EXERCISE PROMPT: In the records below, take the line with "this 474×315 image." and all lines after it, and copy them exactly, pictures excluded.

Data entries:
==================================================

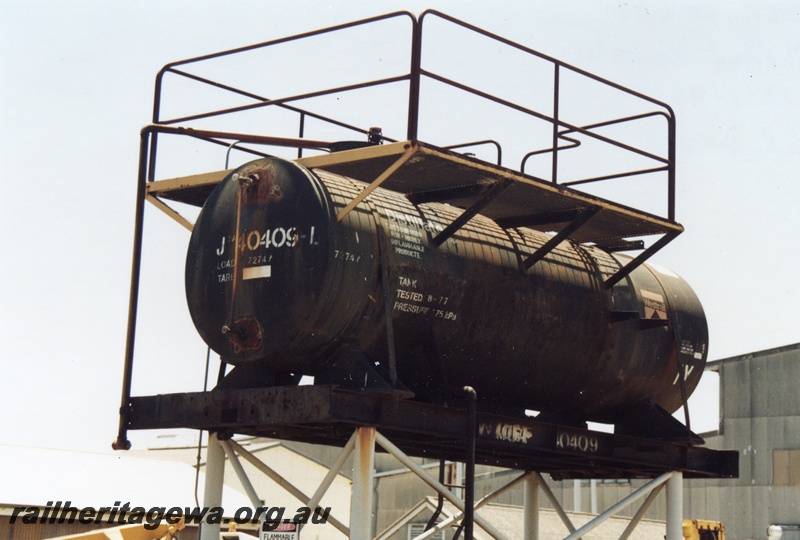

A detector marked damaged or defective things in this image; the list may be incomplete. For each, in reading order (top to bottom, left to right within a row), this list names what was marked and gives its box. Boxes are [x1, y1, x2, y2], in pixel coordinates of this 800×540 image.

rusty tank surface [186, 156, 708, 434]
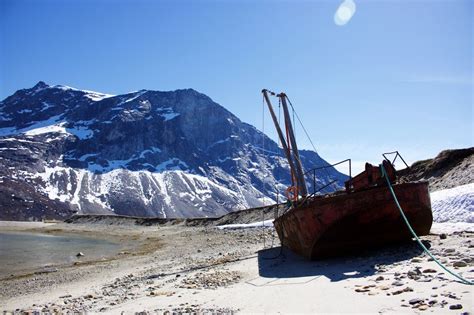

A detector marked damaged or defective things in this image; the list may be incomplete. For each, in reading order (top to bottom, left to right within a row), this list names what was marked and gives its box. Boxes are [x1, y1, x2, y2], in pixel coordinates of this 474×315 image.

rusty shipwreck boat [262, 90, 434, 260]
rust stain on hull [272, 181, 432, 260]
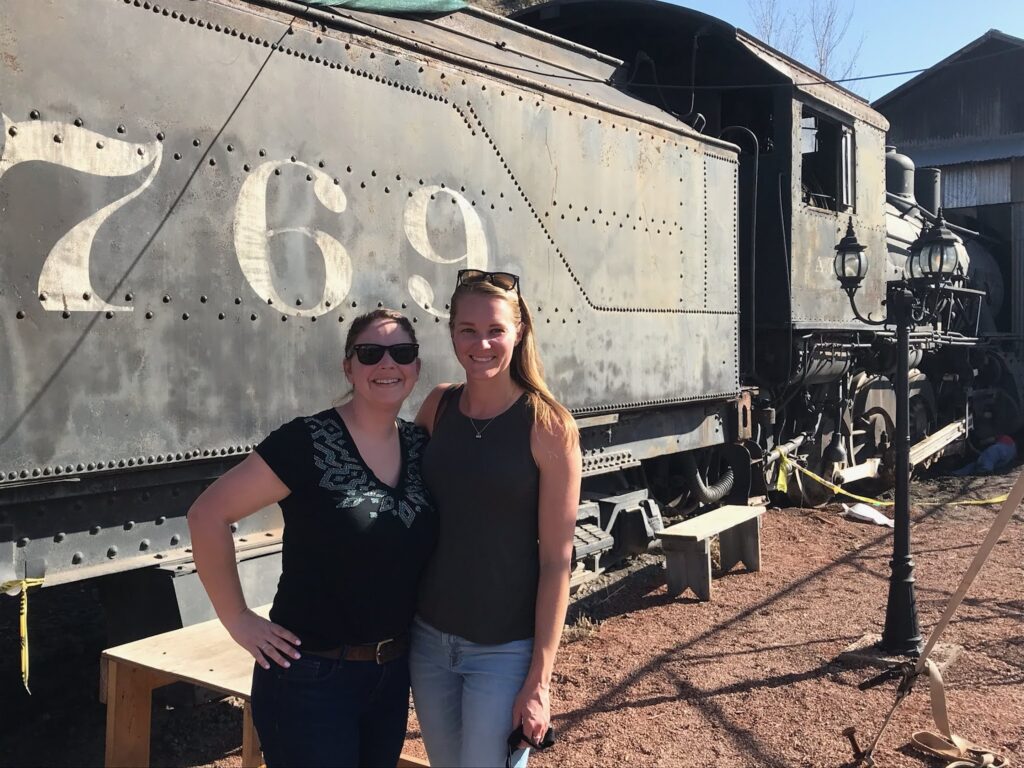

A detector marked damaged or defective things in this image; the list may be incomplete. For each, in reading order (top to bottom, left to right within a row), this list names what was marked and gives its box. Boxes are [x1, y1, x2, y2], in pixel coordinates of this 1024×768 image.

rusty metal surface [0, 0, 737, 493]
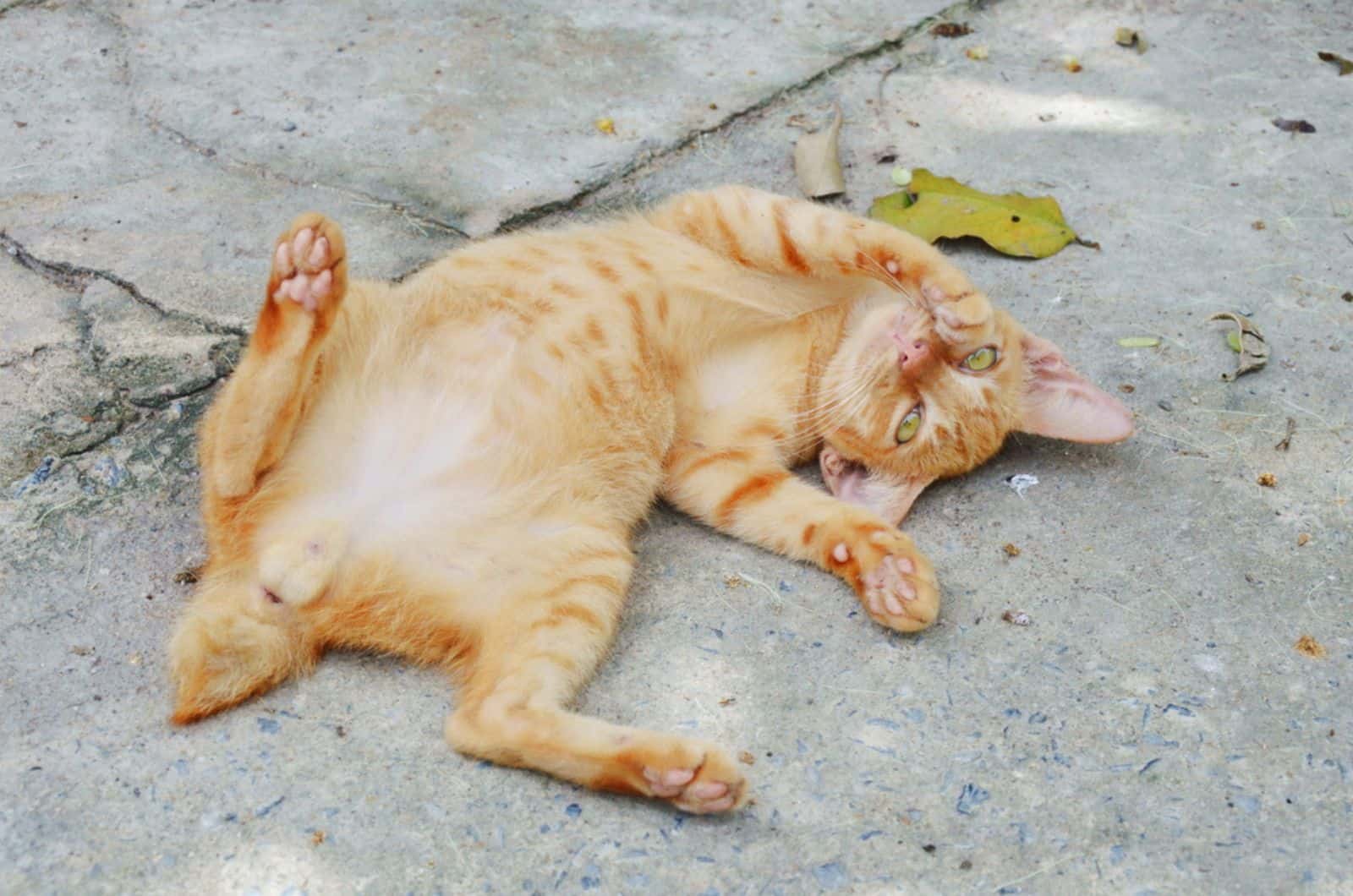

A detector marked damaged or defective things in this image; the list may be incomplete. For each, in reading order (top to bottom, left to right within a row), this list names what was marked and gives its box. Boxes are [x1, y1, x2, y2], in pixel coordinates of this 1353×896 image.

==================================================

EXERCISE SOLUTION:
A detector marked damaged or defective things in this image; the list may be incomplete. For each, in reading order (top to bottom, left to right within a row), this list names what was marked and gives its box. Boxes are [x1, y1, x2, y2], in pixel coordinates of this 474×315 image.

rusty shipwreck boat [262, 90, 434, 260]
rust stain on hull [272, 181, 432, 260]

A detector marked damaged or defective things in this image; the list may be incomplete. For each, in reading order (top to bottom, left to right within a row), this list names what was marked and gives its box. Boxes are [x1, y1, x2, y2], in pixel coordinates of this 1024×768 image.

rusty metal surface [0, 0, 737, 493]

A detector marked damaged or defective things in this image; the list may be incomplete. For each, in reading order (top to bottom, left to right within a row), this list names what was marked and gives its box. Boxes are [x1, y1, x2, y2], in pixel coordinates of this 1353×896 image.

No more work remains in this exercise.